When former prime minister Dr Mahathir Mohamad said in typical acerbic but unsubstantiated fashion that Malay rights, privileges and position would be affected if the opposition were returned in Selangor, it begged two other questions.
What did he do for the ordinary Malay during the long 22 years he was in power from 1981 to 2003, and how much was he responsible for the lack of their progress? And to broaden the question further, how much has Umno done for the Malay on the street and in the kampong?
A good starting point to answer the question is to look back at the New Economic Policy (NEP) of the seventies which provided the framework and target for economic redress between the races. The noble twin aims of the policy which few argued with were the eradication of poverty irrespective of race and the elimination of identification of race with economic function.
This restructuring was supposed to have come from an increasing economic cake so that no community would feel deprived from the process which would be made over 20 years.
But the reality was different. While there was much effort in equalisation of opportunities initially through education of Malays and giving them chances for jobs in the government service and the private sector, the policy morphed into one that focused on equalisation of outcomes instead.
This resulted in drops in educational standards and minimum qualifications to accommodate weaker students instead of helping weaker students to cross existing bars by increased and better tuition.
The push to get more Malay teachers into the education system by lowering standards resulted in a plunge in teaching standards and led to the current problem that we have of poor teaching to weak students. Standards had to be dropped to ensure more students passed, resulting in a deteriorating public education system right from the bottom to the top.
The national education system now is much worse than it was before and directly affected Malays most of whom depend on this system to get their educational qualifications. The quality of graduates from our public universities deteriorated so much so that thousands of them, mostly Malays, are unemployable.
There was a misplaced emphasis on displacing English in the education system, a role prominently played by Mahathir in the early years, eventually to the detriment of the Malays, most of whom were in the national schools. Even as Umno politicians decried English, many of them sent their children to private schools and overseas for an English-based education.
In government, Malays were prematurely promoted over their non-Malay counterparts, many of whom were much more experienced and competent, to the detriment and efficiency of the civil service. The imbalance has been more than rectified with the scales now tipping in the opposite direction with much less non-Malays in government especially at top levels.
The NEP in the process was perverted and the common standard for its success became the 30% target for Malay/bumiputra ownership in companies, the measurement of which remains substantially flawed. For most Malays, this figure was meaningless because they had no corporate ownership, except perhaps for those who were able to subscribe for shares in the national unit trust scheme, Amanah Saham Nasional.
In the corporate sector, companies were forced to divest 30% of their stakes to bumiputras raising possibility of abuses through patronage and front companies which were bumiputra only in name.
Government contracts were given to Malay companies many of whom did not have the capability or capacity to undertake them, bringing in other partners to do the job They earned the moniker “Ali Baba” whereby the contracts are obtained by Malay companies while the work was done by others.
Standards were dropped to enable bumiputra contractors to get approval for the projects and there was a substantial fall in the quality of work done over the years even as costs increased.
Mahathir himself lamented that there were as many as half a dozen sub-contracts, leaving the final person who does the job very little profit margins and therefore turning out substandard work.

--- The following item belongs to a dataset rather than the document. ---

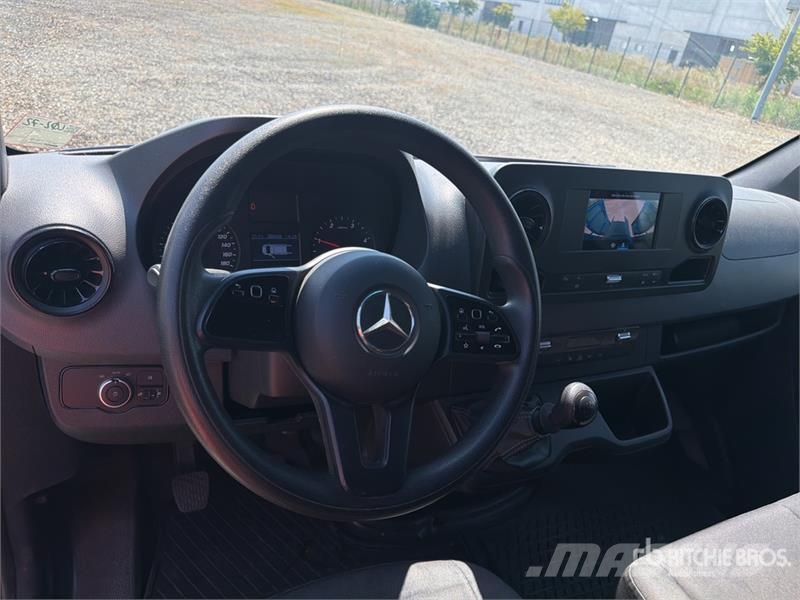 Mercedes-Benz Sprinter 311CDI Cargo Van Utilitaire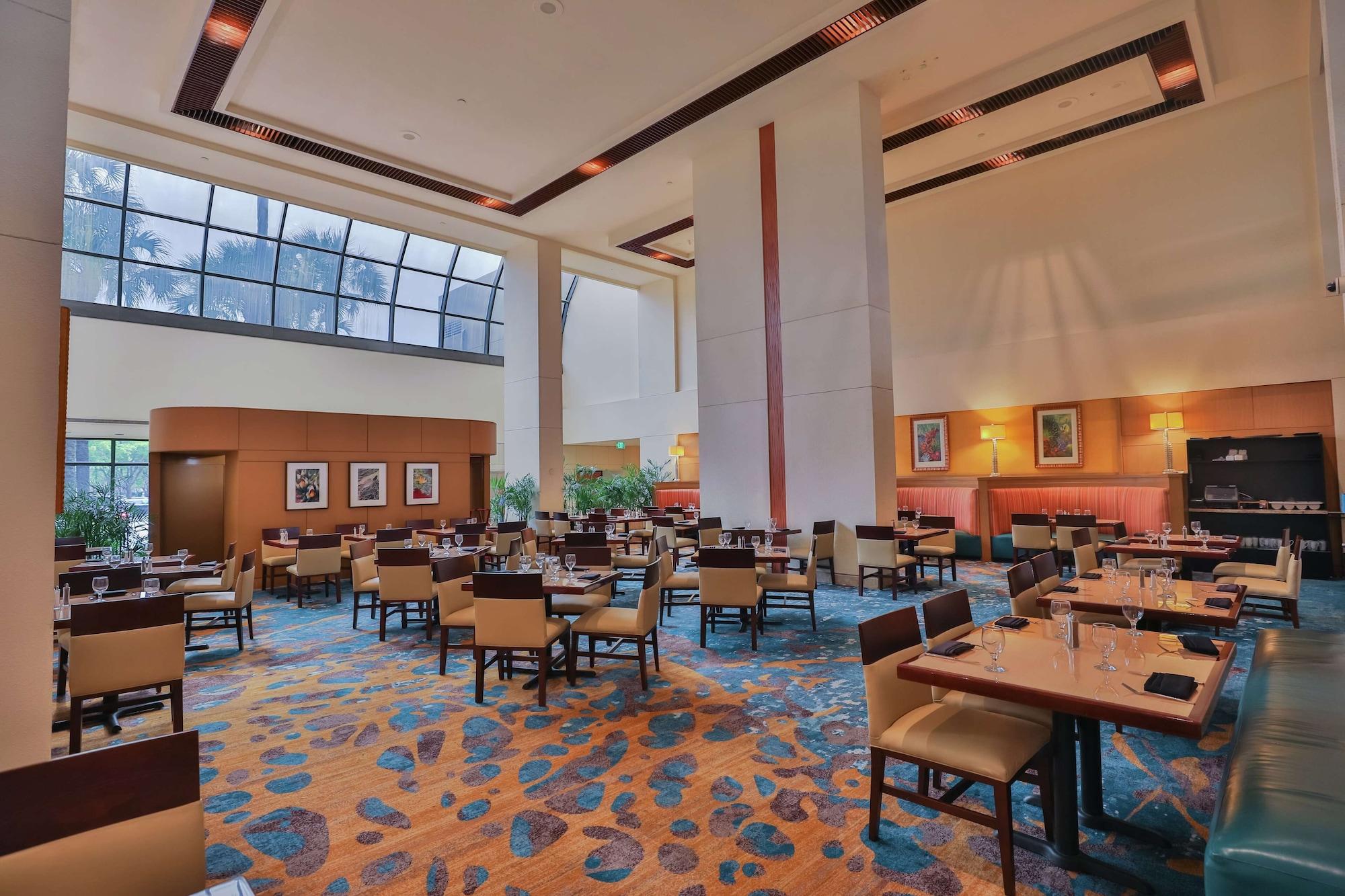 Restaurant Hilton Miami Airport Blue Lagoon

But he did nothing to stop it during his time.
Instead he quite publicly stated that there was a need to create a bumiputra business class, including some billionaires. He went about assiduously to do just that, with initial prime beneficiaries being the former finance minister Daim Zainuddin and his cronies and subsequently extending to others during his later years in power as he reportedly fell out with Daim.
Mahathir deliberately used the privatisation process to dish out prime concessions such as roads, mobile licences, independent power production, water services and others to private businessmen at concessionary rates, directly putting valuable government resources into private hands at very low prices.

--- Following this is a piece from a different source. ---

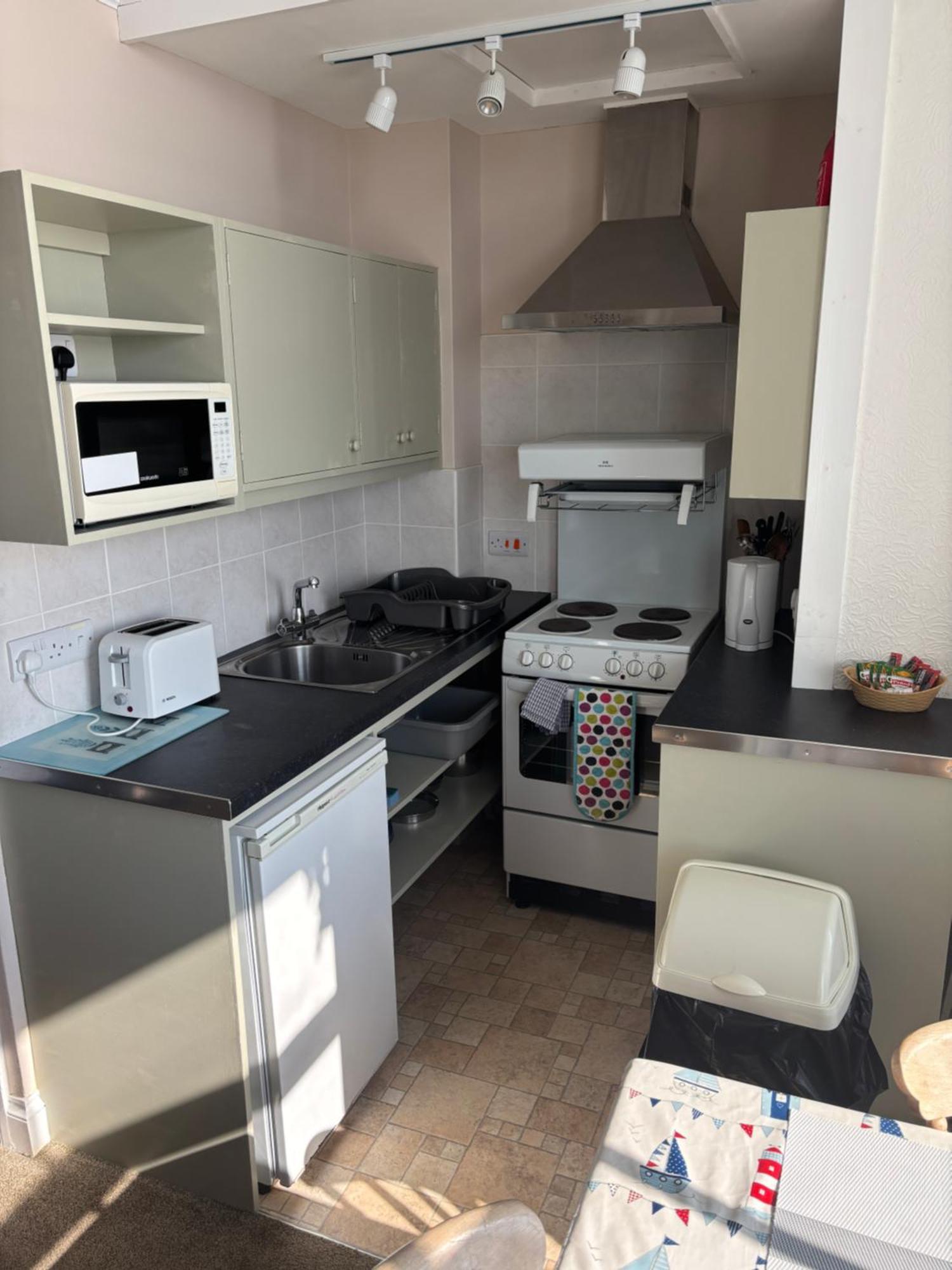 Carnock Apartment Tenby Exterior photo
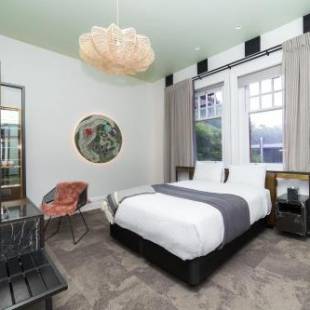 Фотографии гостиницы 
            Clarence Boutique Hotel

Corruption and patronage led to leakages of government resources to an array of favoured businessmen, Malay and non-Malay, through negotiated tenders, outright grant (instead of auction) of licences, and land transfers and conversions. Instant millionaires and some billionaires were created in matter of a few years.
The goal of re-distributing an increasing economic pie were subverted through these leakages as much of the government resources which should have been channelled back to the people – and especially the poor, most of whom were Malays – were diverted to the moneyed class.

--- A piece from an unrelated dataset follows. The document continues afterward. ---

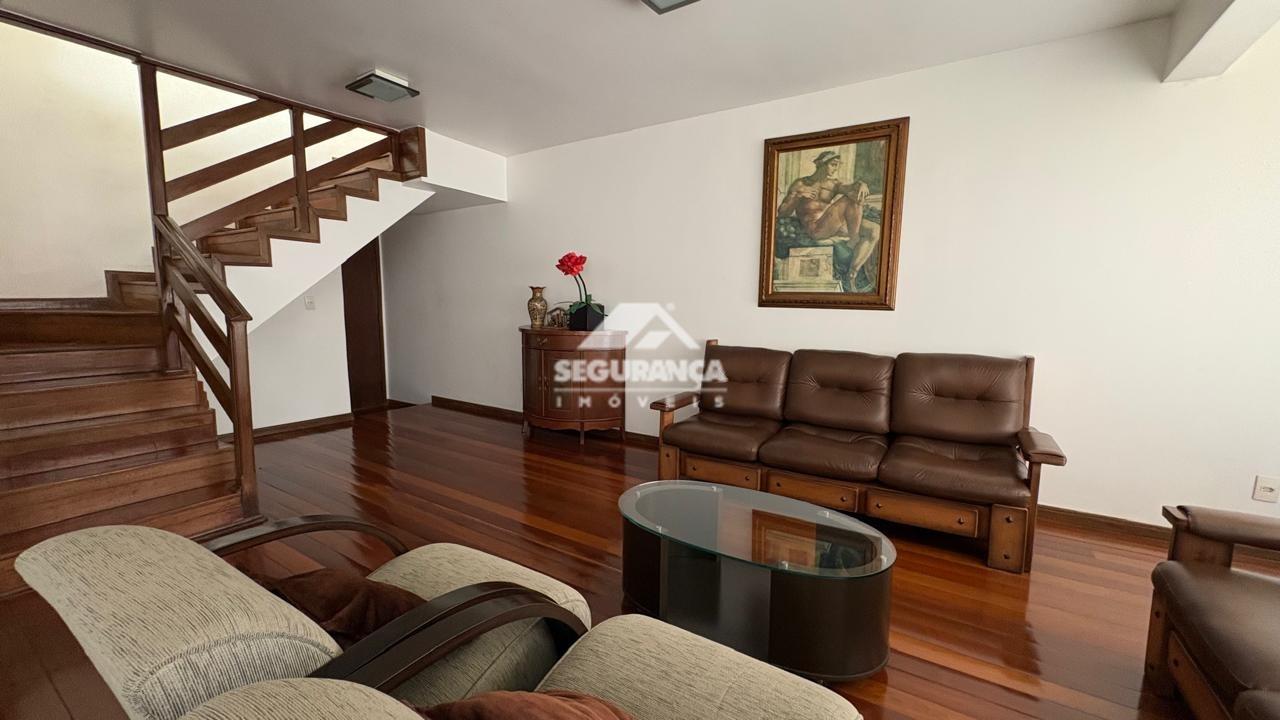 Apartamento cobertura à venda no Centro:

Over the years, Umno has transformed from a party of teachers to one dominated by businessmen most of whom are dependent on government contracts and handouts for their income and lavish lifestyles.
The Umno elite still champion Malay rights but they do so to remain in power so that they will get the benefits of all the perversion of the NEP that has happened and even if it means they deprive and impoverish the very race that they purport to help.
Has Umno helped Malays?
Yes, but some of them very much more so than others.
The tragedy of Umno is that it has neglected the vast majority of Malays despite the huge mandate the community gave the party all these years.
The reason for that in one word is this: Corruption.